From museums to Hollywood films, dinosaurs are portrayed as highly active animals, but how they maintained this lifestyle isn’t clear. For decades, palaeontologists have debated whether the physiology of non-avian dinosaurs was akin to that of today's cold-blooded reptiles or warm-blooded mammals. An important clue has now been uncovered — not in Triceratops and its relatives, but in herbivorous mammals.

Palaeontologists have often examined bone microstructure in their investigations of dinosaur growth and physiology. Key to arguments on the subject are lines of arrested growth (LAGs) that represent an annual slowdown — typically tied to a cold or dry season during which resources are scarce. These rings are seen in dinosaurs, as well as in creatures such as lizards and crocodiles, whose body temperatures are regulated by the external environment, but have not often been observed in the bones of endotherms — creatures such as mammals that maintain high, constant body temperatures. But in a study published today in Nature1, palaeontologist Meike Köhler at the Autonomous University of Barcelona in Bellaterra, Spain, and her colleagues report that LAGs are present in ruminants from the tropics to the poles, greatly altering the context of the dinosaur-physiology debate.

Seasonal shut-down

Although LAGs have been found in mammalian bones before, Köhler notes, this is the most comprehensive study of the structures in modern mammals across a range of latitudes. The herbivorous, hoofed mammals all slow their growth when faced with harsh conditions. This is the best way to cope with a cold or dry season, Köhler says — “to shut down the energy demands of the body”. The slowdown produces LAGs, even in endothermic organisms, and is an ancient mechanism for coping with lean times.

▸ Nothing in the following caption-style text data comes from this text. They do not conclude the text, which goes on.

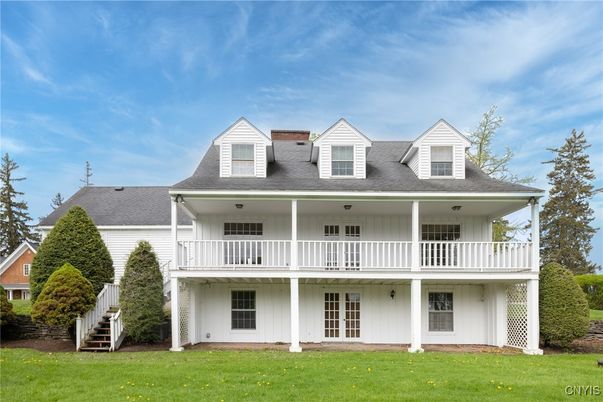 Exterior, Facade, Farmhouse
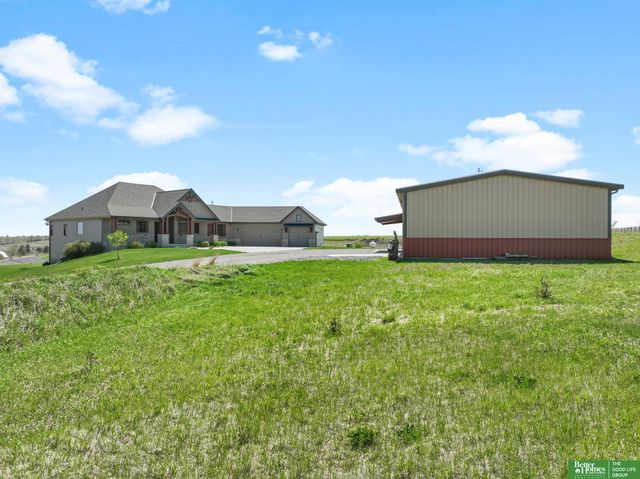 2375 County Road 39, Omaha, NE 68142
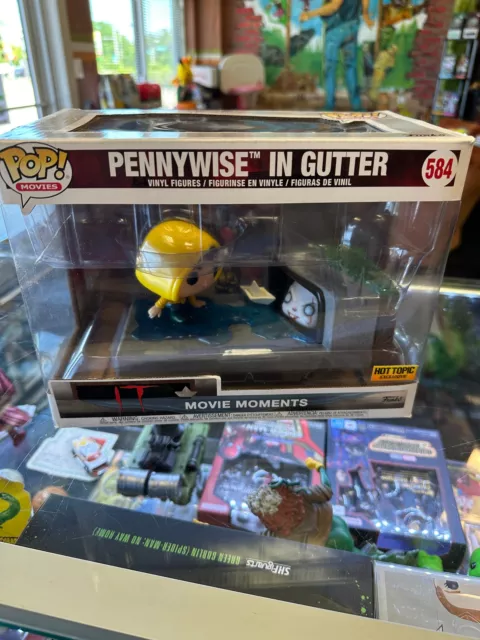 Funko Pop Movie Moments Pennywise In Gutter Hot Topic Exclusive 584 Box Damage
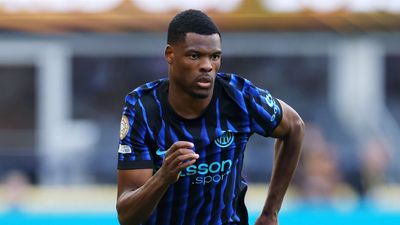 Barcelone vise Denzel Dumfries : une clause libératoire de 25 millions d'euros alimente le mouvement de transfert estival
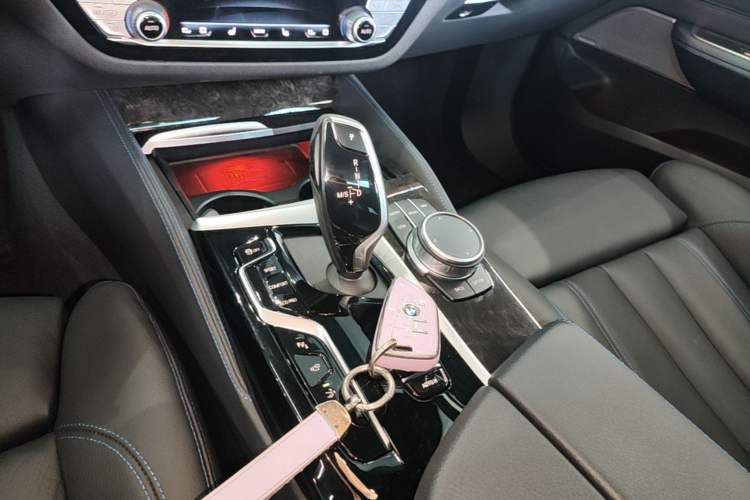 Used BMW 6 Series GT 2021 Restyled 630i M Sport Package Gear Lever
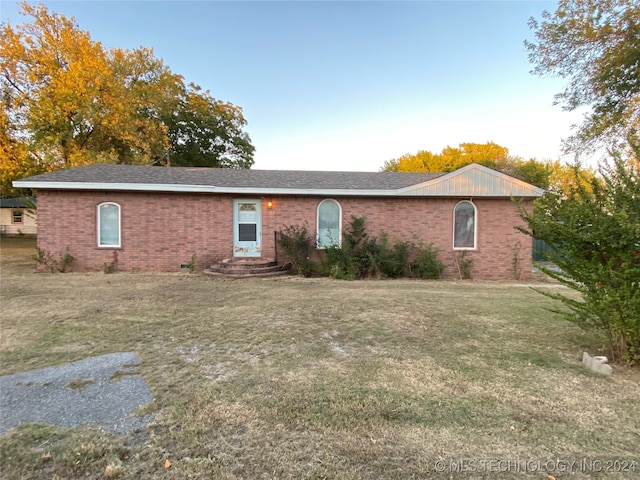 single story home featuring a front yard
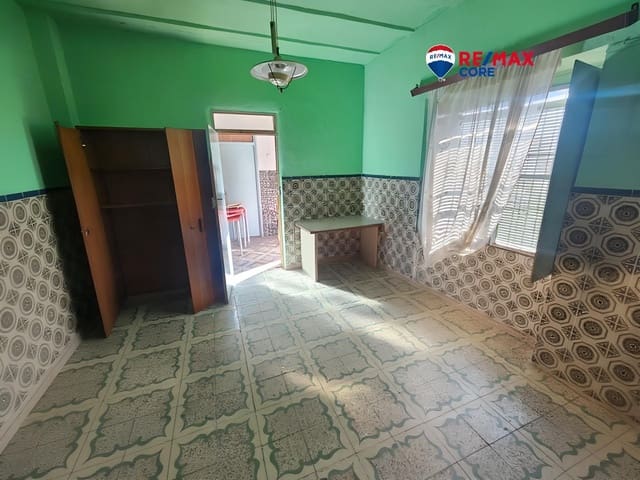 Casa de 7 habitaciones en Villamesías en venta - 109.000 € (Ref: 9555840)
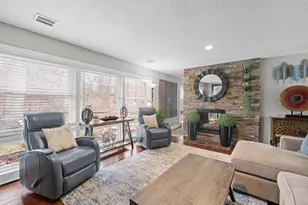 43440 Cottisford St, Northville, MI 48167 - Photo 4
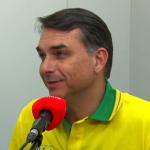 Flávio Bolsonaro não irá ao primeiro debate entre candidatos neste domingo (23)
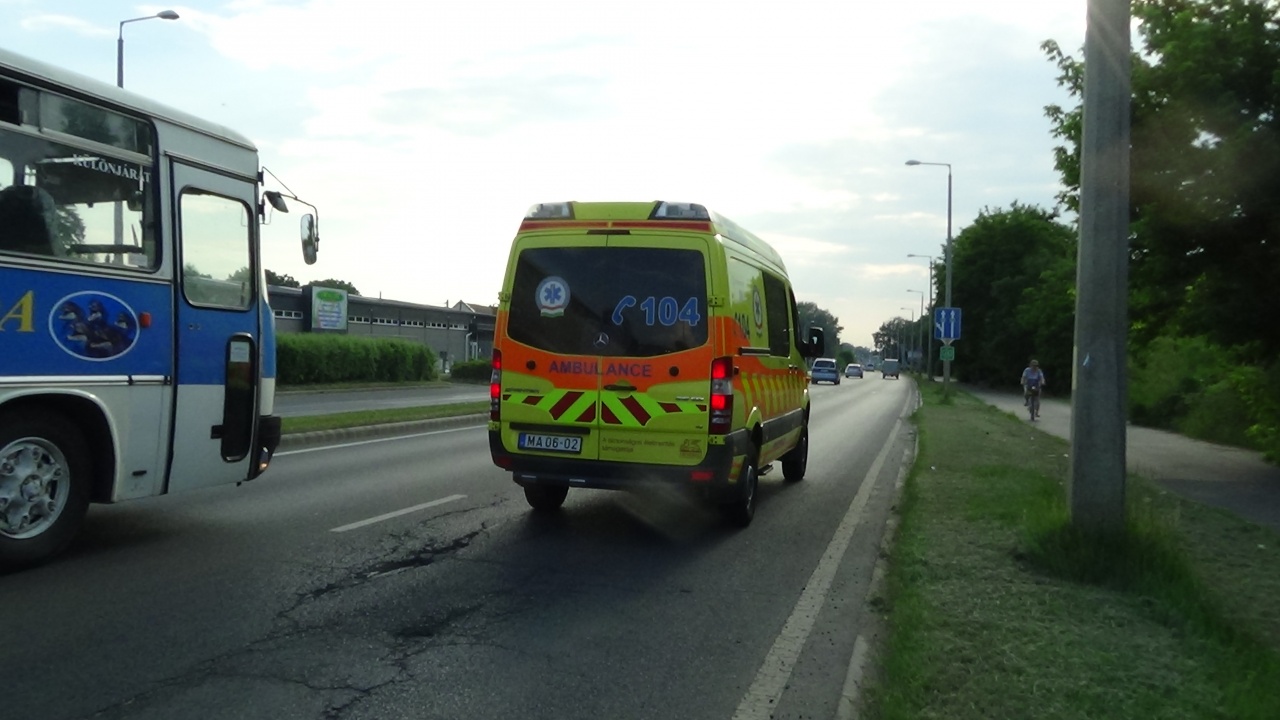 Kórházba szállították az Orosi úton elgázolt, szabályosan közlekedő kerékpárost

This means that “LAGs cannot be used as an argument that dinosaurs could not have been endothermic”, Köhler says. In fact, the type of bone tissue seen in between dinosaur LAGs indicates the animals grew rapidly and sustained high metabolic rates. Dinosaur bone tissue is indistinguishable from that of today’s endothermic ruminants, Köhler says, meaning that dinosaurs were endothermic, too.

Anatomist John Hutchinson of London's Royal Veterinary College says that the study “puts a nail in the coffin for the idea that mammals do not routinely exhibit LAGs as a natural part of their growth”. And Hutchinson agrees that the study may help us to better understand dinosaur physiology.

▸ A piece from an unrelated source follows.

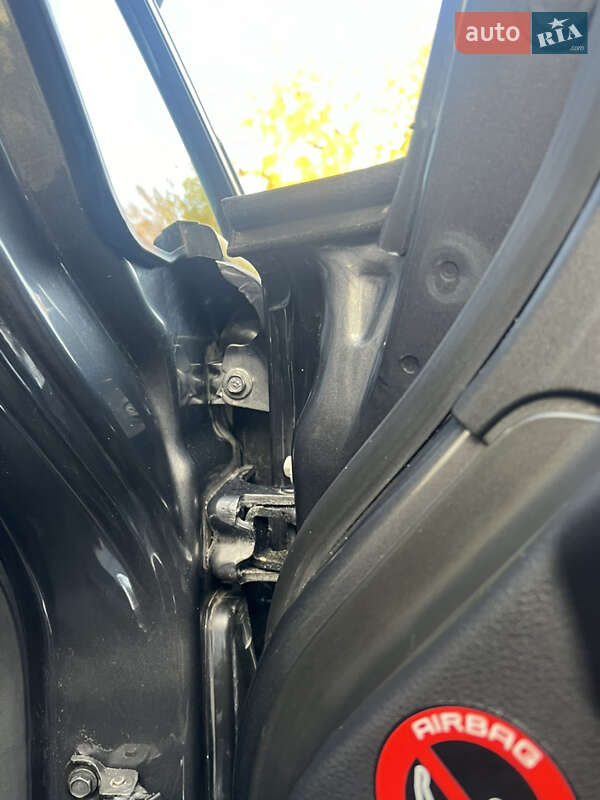 Хэтчбек Opel Astra 2011 в Хороле фото 103 Хэтчбек Opel Astra 2011 в Хороле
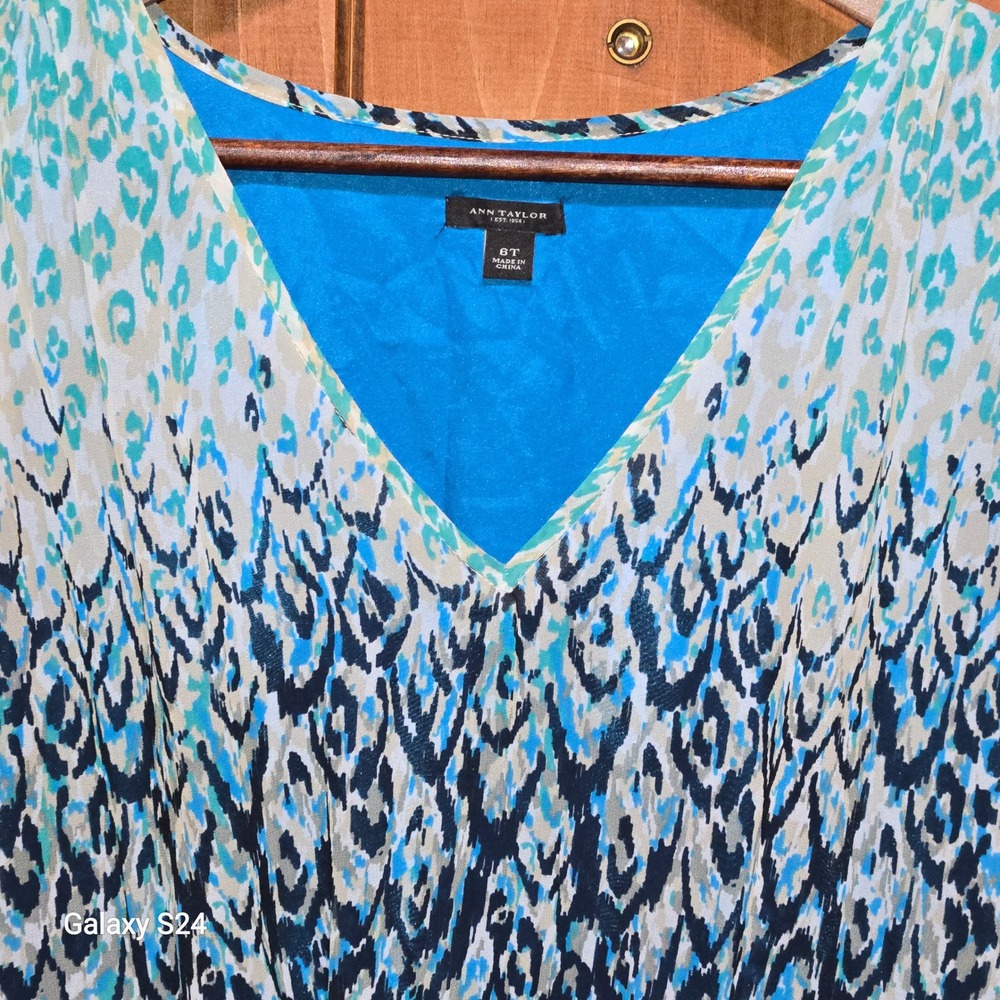 Ann Taylor Blue Ikat Animal Print V-Neck Sleeveless Dress 6T‎ Tall 301949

Although he notes that the argument over dinosaur physiology involves a number of factors — including histology and adaptations for rapid movement — Hutchinson says that Köhler's study provides additional evidence for dinosaur endothermy. “The growing weight of evidence has been winning over scientists, myself included, to the view that endothermy evolved quite early in dinosaurs and was inherited by birds,” he says.